Extracted data Block Start

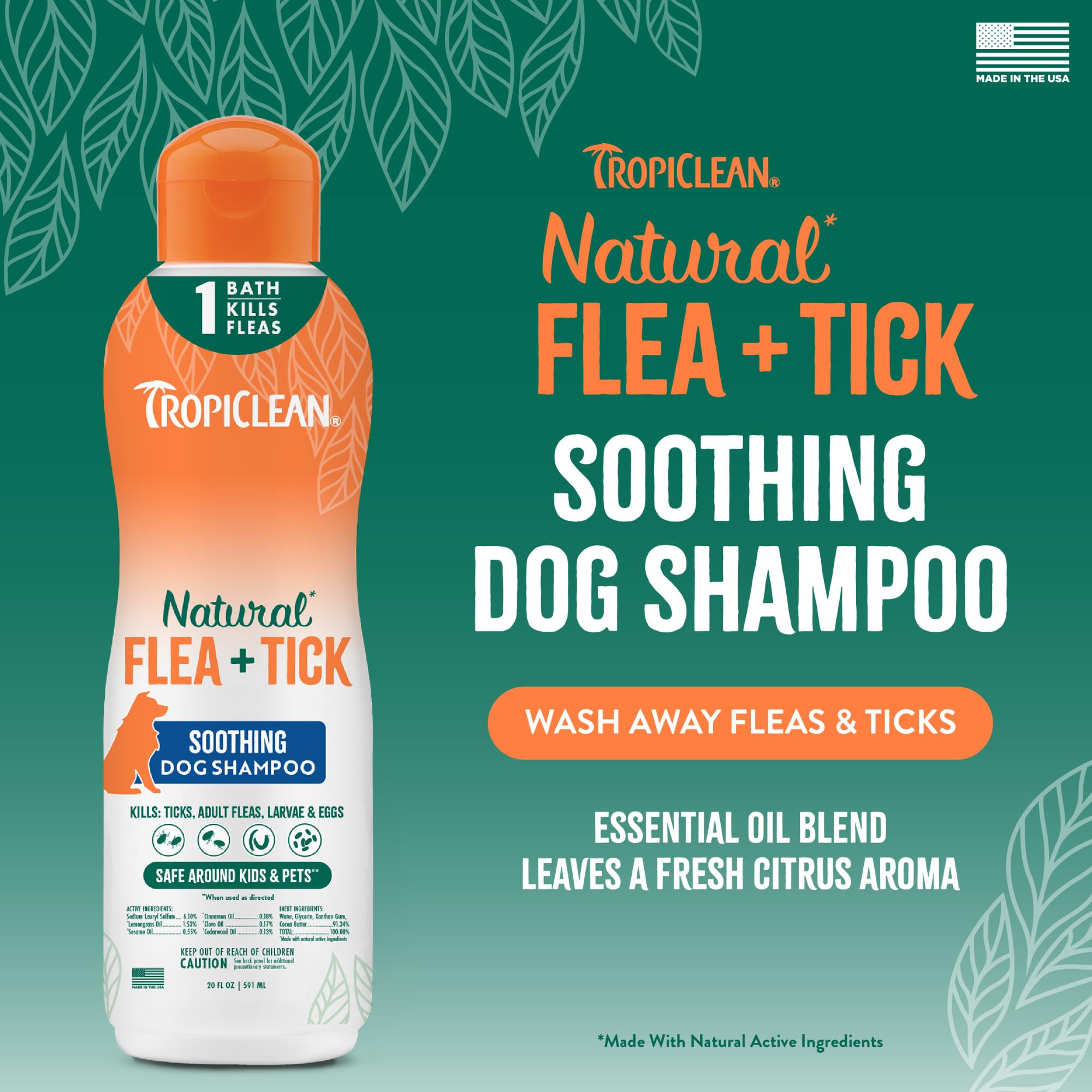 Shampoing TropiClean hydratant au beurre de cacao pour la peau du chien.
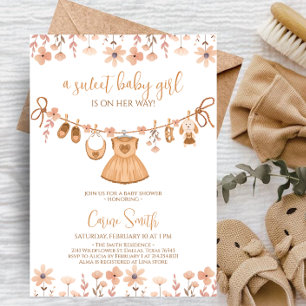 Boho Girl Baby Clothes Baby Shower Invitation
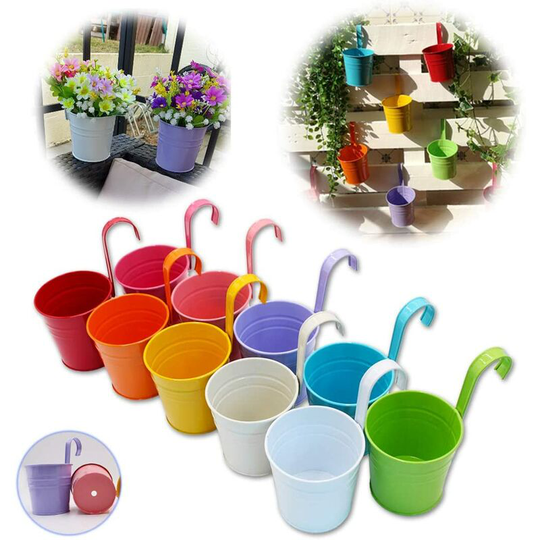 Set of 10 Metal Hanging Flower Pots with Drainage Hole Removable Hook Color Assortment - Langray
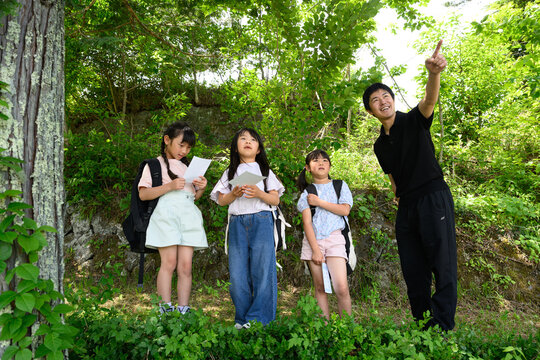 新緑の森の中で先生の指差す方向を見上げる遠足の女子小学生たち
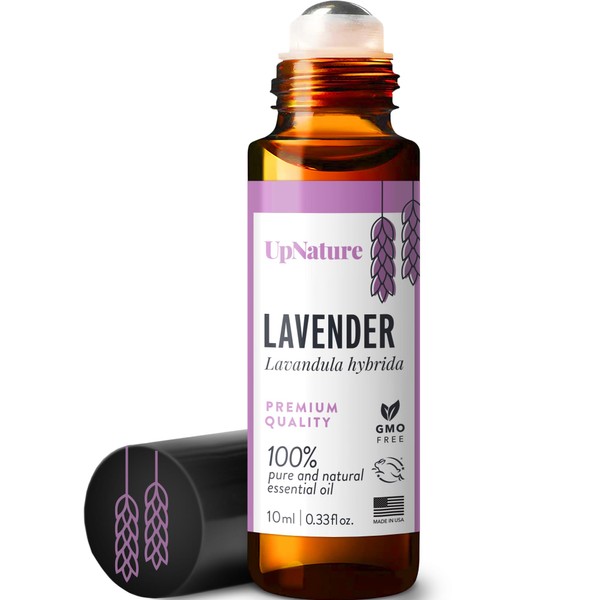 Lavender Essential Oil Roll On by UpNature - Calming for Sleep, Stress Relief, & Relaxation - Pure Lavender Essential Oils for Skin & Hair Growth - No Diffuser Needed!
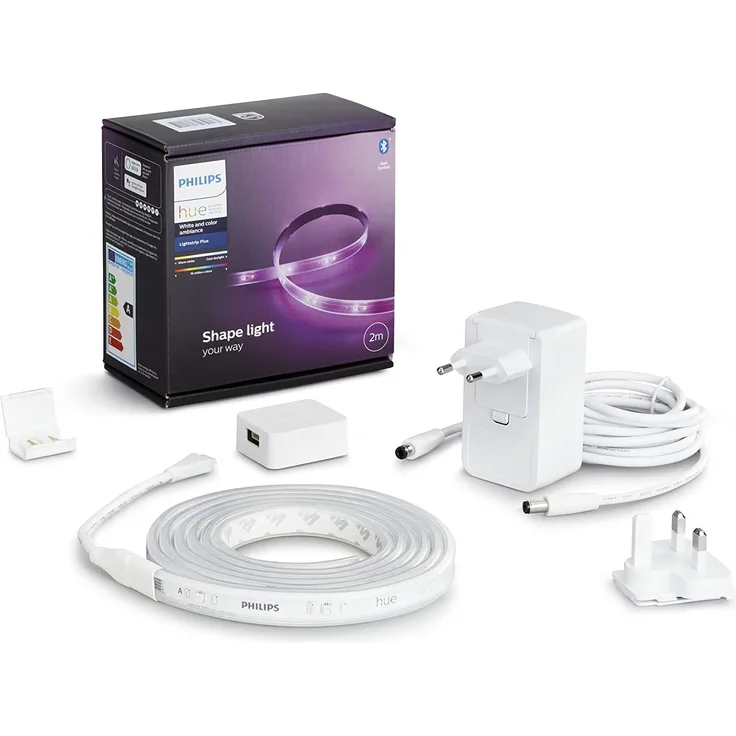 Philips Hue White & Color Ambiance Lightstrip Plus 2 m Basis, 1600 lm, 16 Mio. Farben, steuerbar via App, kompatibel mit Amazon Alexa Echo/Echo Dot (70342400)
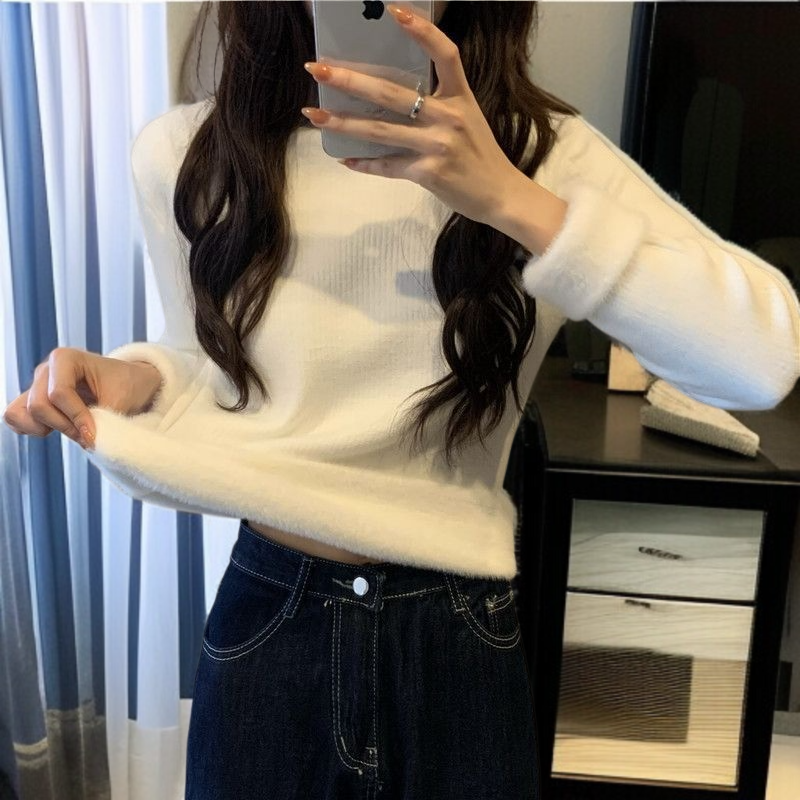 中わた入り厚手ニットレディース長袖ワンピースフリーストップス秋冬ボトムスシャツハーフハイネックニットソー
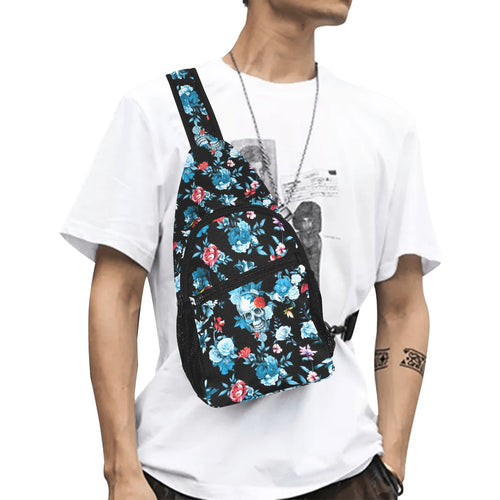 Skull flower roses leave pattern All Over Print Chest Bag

Extracted data Block End

Exercise description:
Please return, without any change, the lines from the line containing "Set of 10 Metal" through the last line of the entries, dropping the pictures.

Response to the exercise:
 Set of 10 Metal Hanging Flower Pots with Drainage Hole Removable Hook Color Assortment - Langray
 新緑の森の中で先生の指差す方向を見上げる遠足の女子小学生たち
 Lavender Essential Oil Roll On by UpNature - Calming for Sleep, Stress Relief, & Relaxation - Pure Lavender Essential Oils for Skin & Hair Growth - No Diffuser Needed!
 Philips Hue White & Color Ambiance Lightstrip Plus 2 m Basis, 1600 lm, 16 Mio. Farben, steuerbar via App, kompatibel mit Amazon Alexa Echo/Echo Dot (70342400)
 中わた入り厚手ニットレディース長袖ワンピースフリーストップス秋冬ボトムスシャツハーフハイネックニットソー
 Skull flower roses leave pattern All Over Print Chest Bag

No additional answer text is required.